If you haven’t heard, there’s a meeting going on in PAC 001 with President Roth and Provost Ruth Striegel Weissman. This meeting was scheduled after a March on Wesleyan this afternoon to protest the administration’s lack of support for African American Studies. For those of you stuck in Olin right now, here’s a liveblog of what’s happening. Stay tuned for a longer post about the issue soon.
The meeting is over. Thanks for following!
“President Roth why don’t you cut down your salary?”
Roth: My job is to find more resources. When we make these hires in the early fall, that will allow us to plan for the long term. I hear you that It can’t just be about popularity because that is part of institutional racism. I am glad to hear that from you. I am happy to be helpful
Antonio Farias (Chief Diversity Officer): I understand ethnic studies and I understand your anger because I went through this 25 years ago at Berkley. You all understand, we have four years, and we can play you for four years. We need to bring you into this process. Lets not just look at AFAM, lets look at this as a whole. I am part of this discussion. Hold me accountable. Starting tomorrow lets have this discussion. My recommendation is to kick start this process.
Roth: These are steps that will be taken by academic affairs, so I don’t know how to respond other than saying we will hire two people. The way it normally works is that the dept puts together a plan for the program. That will be discussed with students, with the dean and then we would do searches that will lead to tenure track hires or multiple hires. I hear the urgency, but I don’t want to promise something that I can’t deliver”
“This idea of student interest. This institution is producing students who don’t understand basic history. As a black student, I have to use my energy to educate white students. I am a AFAM teacher. This isn’t just black history, this is American history. That’s systemic racism. Its very scary that as a student my fellow students don’t know history. If you teach history at Wes. Students need to know what that is. Make sure people know their history and thats white supremacy.”

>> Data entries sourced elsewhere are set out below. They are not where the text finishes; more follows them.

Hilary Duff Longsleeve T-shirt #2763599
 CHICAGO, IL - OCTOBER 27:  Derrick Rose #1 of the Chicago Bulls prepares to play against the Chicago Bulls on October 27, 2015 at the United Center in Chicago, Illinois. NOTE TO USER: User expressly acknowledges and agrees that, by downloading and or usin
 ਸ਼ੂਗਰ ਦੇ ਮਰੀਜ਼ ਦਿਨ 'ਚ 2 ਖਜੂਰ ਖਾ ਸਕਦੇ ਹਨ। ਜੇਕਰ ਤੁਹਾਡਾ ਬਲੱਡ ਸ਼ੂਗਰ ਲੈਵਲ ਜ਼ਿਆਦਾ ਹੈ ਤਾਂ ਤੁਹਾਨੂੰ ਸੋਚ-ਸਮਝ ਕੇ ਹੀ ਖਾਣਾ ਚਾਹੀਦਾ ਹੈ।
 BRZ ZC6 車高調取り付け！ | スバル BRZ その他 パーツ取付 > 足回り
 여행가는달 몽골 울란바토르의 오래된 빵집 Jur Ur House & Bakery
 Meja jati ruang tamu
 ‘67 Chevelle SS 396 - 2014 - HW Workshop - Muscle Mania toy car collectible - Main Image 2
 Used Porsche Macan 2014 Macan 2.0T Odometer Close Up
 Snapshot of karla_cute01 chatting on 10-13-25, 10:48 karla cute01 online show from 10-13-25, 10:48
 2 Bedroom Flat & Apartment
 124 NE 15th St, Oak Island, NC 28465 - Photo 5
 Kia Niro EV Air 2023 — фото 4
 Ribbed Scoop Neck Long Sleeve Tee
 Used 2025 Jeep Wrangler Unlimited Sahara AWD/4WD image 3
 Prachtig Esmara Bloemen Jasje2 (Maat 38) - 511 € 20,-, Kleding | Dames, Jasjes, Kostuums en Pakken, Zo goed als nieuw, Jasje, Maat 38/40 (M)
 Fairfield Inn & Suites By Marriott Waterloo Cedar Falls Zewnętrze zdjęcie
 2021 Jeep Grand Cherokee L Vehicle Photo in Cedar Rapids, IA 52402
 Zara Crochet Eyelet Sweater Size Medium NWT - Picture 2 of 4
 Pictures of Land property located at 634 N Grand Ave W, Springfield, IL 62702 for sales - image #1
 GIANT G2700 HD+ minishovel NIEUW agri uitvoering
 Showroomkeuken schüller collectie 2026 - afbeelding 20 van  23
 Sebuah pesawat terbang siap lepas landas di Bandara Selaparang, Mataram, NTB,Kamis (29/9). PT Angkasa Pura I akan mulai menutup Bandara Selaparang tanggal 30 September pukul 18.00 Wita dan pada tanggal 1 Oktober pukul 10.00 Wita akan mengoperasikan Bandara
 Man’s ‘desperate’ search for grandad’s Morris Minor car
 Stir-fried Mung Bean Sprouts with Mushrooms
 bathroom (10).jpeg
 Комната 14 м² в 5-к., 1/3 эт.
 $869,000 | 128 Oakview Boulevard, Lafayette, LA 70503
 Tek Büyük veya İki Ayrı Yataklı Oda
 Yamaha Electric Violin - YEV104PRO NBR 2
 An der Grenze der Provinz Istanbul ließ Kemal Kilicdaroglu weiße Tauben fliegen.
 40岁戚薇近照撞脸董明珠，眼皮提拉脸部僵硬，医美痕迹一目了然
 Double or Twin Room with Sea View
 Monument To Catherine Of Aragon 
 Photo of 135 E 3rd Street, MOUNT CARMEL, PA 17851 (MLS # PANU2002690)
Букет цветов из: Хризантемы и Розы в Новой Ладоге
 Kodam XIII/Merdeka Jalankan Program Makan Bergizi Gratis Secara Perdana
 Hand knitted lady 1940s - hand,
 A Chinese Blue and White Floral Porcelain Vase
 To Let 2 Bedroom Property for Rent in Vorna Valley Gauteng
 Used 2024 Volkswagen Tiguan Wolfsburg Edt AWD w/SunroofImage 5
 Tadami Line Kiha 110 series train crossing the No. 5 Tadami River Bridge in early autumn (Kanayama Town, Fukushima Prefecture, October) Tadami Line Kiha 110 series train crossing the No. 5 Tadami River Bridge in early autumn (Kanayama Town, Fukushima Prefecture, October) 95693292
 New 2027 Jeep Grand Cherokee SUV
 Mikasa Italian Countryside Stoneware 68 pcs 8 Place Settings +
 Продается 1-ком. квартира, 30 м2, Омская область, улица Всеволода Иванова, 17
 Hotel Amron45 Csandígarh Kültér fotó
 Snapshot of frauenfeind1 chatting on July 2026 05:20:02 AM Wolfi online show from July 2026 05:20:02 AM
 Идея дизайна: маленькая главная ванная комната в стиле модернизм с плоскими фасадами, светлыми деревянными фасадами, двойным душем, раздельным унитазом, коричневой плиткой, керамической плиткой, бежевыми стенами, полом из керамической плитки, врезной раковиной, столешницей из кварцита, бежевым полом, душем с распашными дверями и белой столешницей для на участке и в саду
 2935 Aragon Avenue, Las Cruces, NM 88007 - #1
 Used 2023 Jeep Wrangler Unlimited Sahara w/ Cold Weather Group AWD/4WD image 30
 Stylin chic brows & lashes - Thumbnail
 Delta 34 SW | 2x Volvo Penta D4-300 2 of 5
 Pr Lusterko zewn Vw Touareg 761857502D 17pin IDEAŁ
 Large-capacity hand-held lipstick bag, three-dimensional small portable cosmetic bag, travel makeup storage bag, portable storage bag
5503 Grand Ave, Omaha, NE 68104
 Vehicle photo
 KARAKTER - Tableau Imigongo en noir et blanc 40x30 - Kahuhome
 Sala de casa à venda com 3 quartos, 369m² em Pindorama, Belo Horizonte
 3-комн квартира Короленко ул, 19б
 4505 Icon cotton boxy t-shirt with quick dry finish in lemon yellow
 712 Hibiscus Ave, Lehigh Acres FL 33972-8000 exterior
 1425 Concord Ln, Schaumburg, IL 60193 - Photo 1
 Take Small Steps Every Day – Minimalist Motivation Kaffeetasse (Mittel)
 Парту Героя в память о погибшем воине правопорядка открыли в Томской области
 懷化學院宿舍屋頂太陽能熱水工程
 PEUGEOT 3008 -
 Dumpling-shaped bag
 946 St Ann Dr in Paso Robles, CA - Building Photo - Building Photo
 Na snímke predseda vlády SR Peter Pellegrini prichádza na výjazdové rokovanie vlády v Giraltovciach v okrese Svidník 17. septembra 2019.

“We want to help and we want our voices heard. I think we are in this predicament because we weren’t involving students.”
“Can you give us a timeline?”
Roth: Im trying to figure out not how to make it worse, and then how to make it better. I am going to think about what I can show you.
Roth: All I meant to say is I have to figure out how to do it
Student: Then do it!
“If Wesleyan really wants to really be at the vanguard, it needs to re-priorities AFAM. If not here, where?”
“We need a re-center of what the school priorities. Right now, we prioritize white men. We don’t have enough programs that represent who we are”
“Provost said that astronomy dept is kept because its an ancient dept. I want to learn about myself when I come to this school. It is so important that we have this here. Wesleyan was founded the same year as the Nat Turner rebellion. It’s nostalgic but in the worst way.”
“Stop saying student interest! The university doesn’t prioritize AFAM”
“It seems like students who are interested in AFAM are paying same tuition but not receiving the same attention”
Roth: There are a finite amount of resources for hiring faculty. Some areas get hires and some don’t. One of the factors is student interest.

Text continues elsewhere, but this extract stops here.